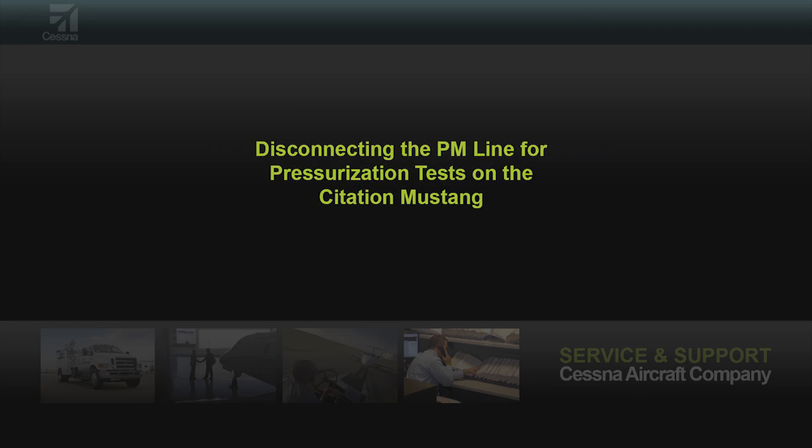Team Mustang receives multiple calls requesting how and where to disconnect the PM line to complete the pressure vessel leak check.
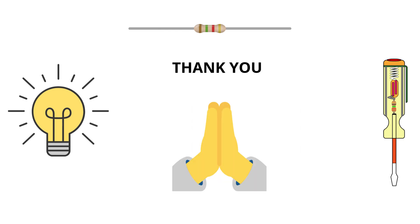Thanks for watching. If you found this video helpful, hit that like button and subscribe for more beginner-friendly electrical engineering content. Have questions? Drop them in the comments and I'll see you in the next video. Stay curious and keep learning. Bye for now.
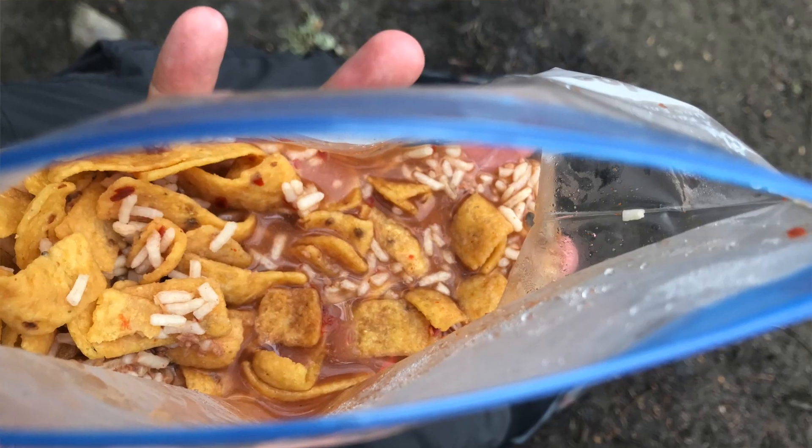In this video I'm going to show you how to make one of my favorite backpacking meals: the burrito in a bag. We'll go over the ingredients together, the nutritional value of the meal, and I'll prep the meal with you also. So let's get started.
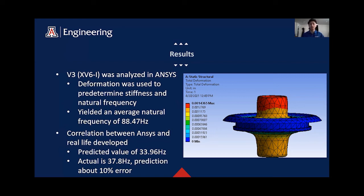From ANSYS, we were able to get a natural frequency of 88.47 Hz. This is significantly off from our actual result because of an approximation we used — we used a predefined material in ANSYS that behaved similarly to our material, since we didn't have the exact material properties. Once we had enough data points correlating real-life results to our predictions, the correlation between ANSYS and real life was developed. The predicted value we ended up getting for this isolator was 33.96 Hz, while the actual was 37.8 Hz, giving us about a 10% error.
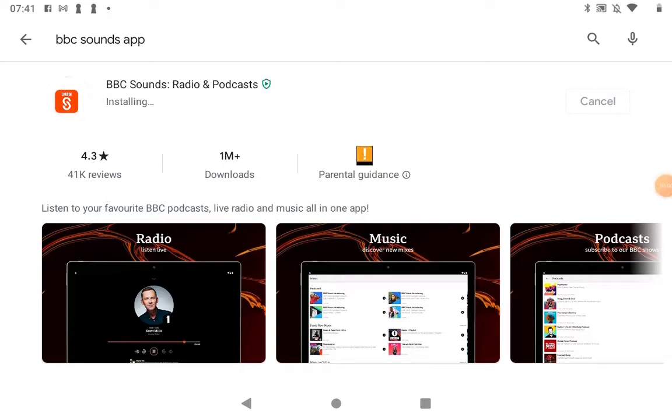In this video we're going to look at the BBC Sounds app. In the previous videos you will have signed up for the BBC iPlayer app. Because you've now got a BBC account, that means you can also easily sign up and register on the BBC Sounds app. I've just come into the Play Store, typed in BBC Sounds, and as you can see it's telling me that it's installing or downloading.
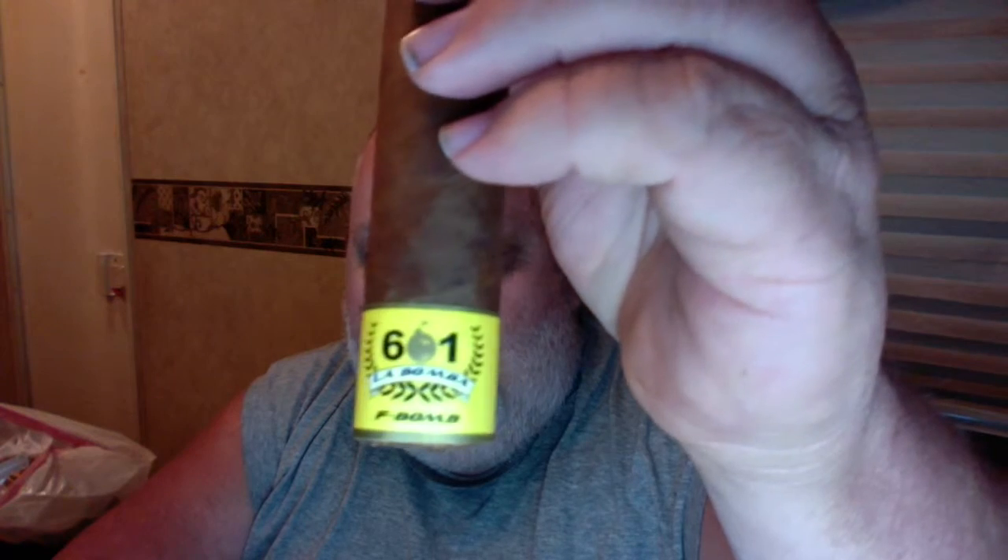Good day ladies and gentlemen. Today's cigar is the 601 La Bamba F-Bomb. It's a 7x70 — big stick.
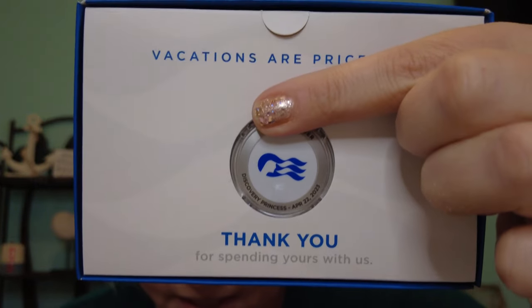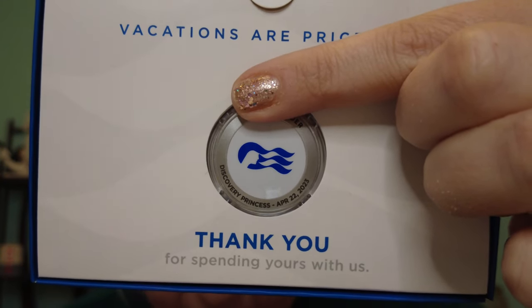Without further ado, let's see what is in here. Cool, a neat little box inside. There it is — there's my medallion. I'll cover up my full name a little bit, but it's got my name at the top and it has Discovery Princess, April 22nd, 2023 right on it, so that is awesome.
···
• ACTION ITEM: Without including any pictures, output each entry above exactly as it appears.

• SOLUTION TO THE EXERCISE:
Team Mustang receives multiple calls requesting how and where to disconnect the PM line to complete the pressure vessel leak check.
Thanks for watching. If you found this video helpful, hit that like button and subscribe for more beginner-friendly electrical engineering content. Have questions? Drop them in the comments and I'll see you in the next video. Stay curious and keep learning. Bye for now.
In this video I'm going to show you how to make one of my favorite backpacking meals: the burrito in a bag. We'll go over the ingredients together, the nutritional value of the meal, and I'll prep the meal with you also. So let's get started.
From ANSYS, we were able to get a natural frequency of 88.47 Hz. This is significantly off from our actual result because of an approximation we used — we used a predefined material in ANSYS that behaved similarly to our material, since we didn't have the exact material properties. Once we had enough data points correlating real-life results to our predictions, the correlation between ANSYS and real life was developed. The predicted value we ended up getting for this isolator was 33.96 Hz, while the actual was 37.8 Hz, giving us about a 10% error.
In this video we're going to look at the BBC Sounds app. In the previous videos you will have signed up for the BBC iPlayer app. Because you've now got a BBC account, that means you can also easily sign up and register on the BBC Sounds app. I've just come into the Play Store, typed in BBC Sounds, and as you can see it's telling me that it's installing or downloading.
Good day ladies and gentlemen. Today's cigar is the 601 La Bamba F-Bomb. It's a 7x70 — big stick.
Without further ado, let's see what is in here. Cool, a neat little box inside. There it is — there's my medallion. I'll cover up my full name a little bit, but it's got my name at the top and it has Discovery Princess, April 22nd, 2023 right on it, so that is awesome.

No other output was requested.